**About this exercise:** Please print exactly the line containing "Imagen referencial del" and every line after it to the end of the records below, and nothing more.

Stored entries
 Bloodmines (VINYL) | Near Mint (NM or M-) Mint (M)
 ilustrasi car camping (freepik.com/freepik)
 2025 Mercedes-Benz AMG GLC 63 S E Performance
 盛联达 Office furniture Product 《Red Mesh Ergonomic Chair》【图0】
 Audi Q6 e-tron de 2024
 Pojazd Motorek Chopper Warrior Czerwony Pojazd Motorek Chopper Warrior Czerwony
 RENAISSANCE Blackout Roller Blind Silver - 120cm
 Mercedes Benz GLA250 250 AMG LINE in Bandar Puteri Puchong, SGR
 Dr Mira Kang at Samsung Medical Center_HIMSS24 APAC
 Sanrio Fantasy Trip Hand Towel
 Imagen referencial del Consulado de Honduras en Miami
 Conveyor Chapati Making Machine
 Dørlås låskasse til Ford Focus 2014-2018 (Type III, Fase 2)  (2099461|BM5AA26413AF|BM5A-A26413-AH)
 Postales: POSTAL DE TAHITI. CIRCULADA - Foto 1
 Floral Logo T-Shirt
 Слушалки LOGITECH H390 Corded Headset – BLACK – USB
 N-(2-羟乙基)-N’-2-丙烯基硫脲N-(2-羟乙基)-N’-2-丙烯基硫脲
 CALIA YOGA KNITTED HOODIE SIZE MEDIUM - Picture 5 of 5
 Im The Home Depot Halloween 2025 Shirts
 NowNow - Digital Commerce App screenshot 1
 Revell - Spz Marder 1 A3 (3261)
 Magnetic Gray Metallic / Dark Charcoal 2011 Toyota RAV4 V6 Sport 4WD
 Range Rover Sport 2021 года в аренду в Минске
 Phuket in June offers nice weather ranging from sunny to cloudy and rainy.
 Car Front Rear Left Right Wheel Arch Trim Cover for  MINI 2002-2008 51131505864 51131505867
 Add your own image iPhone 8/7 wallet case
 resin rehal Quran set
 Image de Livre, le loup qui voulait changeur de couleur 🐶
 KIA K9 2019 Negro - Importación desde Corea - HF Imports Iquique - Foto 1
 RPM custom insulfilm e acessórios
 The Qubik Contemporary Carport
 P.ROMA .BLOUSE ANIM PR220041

**Exercise response:**
 Imagen referencial del Consulado de Honduras en Miami
 Conveyor Chapati Making Machine
 Dørlås låskasse til Ford Focus 2014-2018 (Type III, Fase 2)  (2099461|BM5AA26413AF|BM5A-A26413-AH)
 Postales: POSTAL DE TAHITI. CIRCULADA - Foto 1
 Floral Logo T-Shirt
 Слушалки LOGITECH H390 Corded Headset – BLACK – USB
 N-(2-羟乙基)-N’-2-丙烯基硫脲N-(2-羟乙基)-N’-2-丙烯基硫脲
 CALIA YOGA KNITTED HOODIE SIZE MEDIUM - Picture 5 of 5
 Im The Home Depot Halloween 2025 Shirts
 NowNow - Digital Commerce App screenshot 1
 Revell - Spz Marder 1 A3 (3261)
 Magnetic Gray Metallic / Dark Charcoal 2011 Toyota RAV4 V6 Sport 4WD
 Range Rover Sport 2021 года в аренду в Минске
 Phuket in June offers nice weather ranging from sunny to cloudy and rainy.
 Car Front Rear Left Right Wheel Arch Trim Cover for  MINI 2002-2008 51131505864 51131505867
 Add your own image iPhone 8/7 wallet case
 resin rehal Quran set
 Image de Livre, le loup qui voulait changeur de couleur 🐶
 KIA K9 2019 Negro - Importación desde Corea - HF Imports Iquique - Foto 1
 RPM custom insulfilm e acessórios
 The Qubik Contemporary Carport
 P.ROMA .BLOUSE ANIM PR220041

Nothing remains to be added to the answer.